4 Replies Latest reply on Sep 18, 2015 9:13 AM by Guillaume G

    Billions of rows and big performance issue when integrating dimensions tables...

    Guillaume G



      I'm using Tableau Software with Spark SQL, my use case is very simple :


      - A big fact table (11 billion of rows) with following fields : id_dim1, id_dim2, id_dim3, value. The table is partitionned on id_dim1.

      - Three dimensions tables with an id field and a label field


      If I play only with the fact table, I can filter along id_dim1, id_dim2, id_dim3 with very satisfying performances. But, I want my labels, so I made a join in tableau software between my fact table and my dimensions table : good news is that I have my labels, but bad news is that Tablau Software perform systematically a join between fact table and dimensions table. With such an amount of data, it leads to ugly responses time.


      A possible solution would be to insert labels in my fact table to avoid joins but 1) it's not very nice and 2) where clause will be less efficient with varchar than int. So it's a no go.
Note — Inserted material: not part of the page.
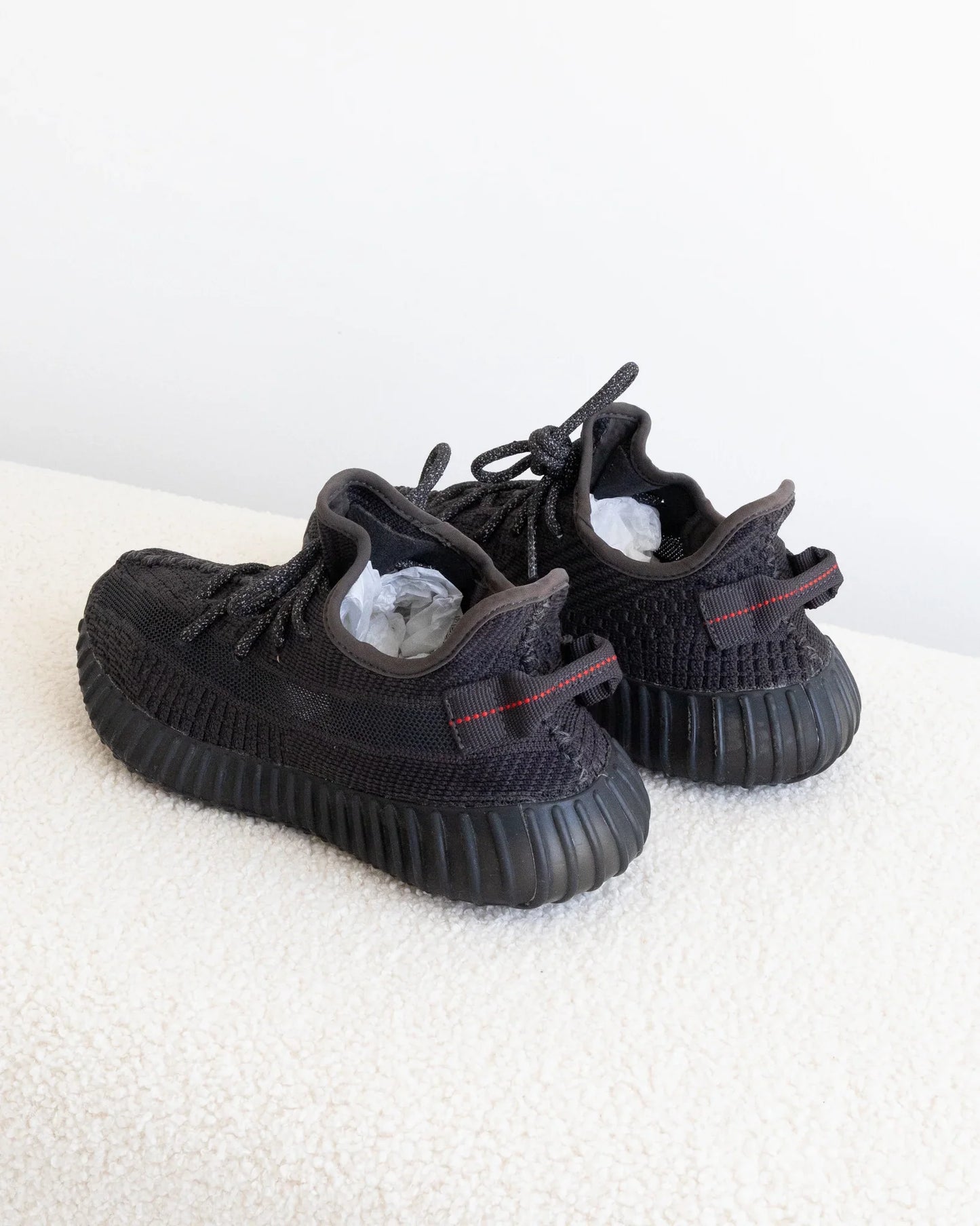 YEEZY Boost 350 V2 41 - THE VOG CLOSET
      I discovered that we have the possibility to manually create an alias for each item of a dimension, but we have to do it element by element : is that a joke ?? Not even a copy from clipboard is allowed, or an import from an excel file ? It would be a solution for my scenario, by creating an alias for each item in id_dim1, id_dim2, id_dim3.


      Am I missing something ? By this time, Tableau Software is not a viable solution for my users...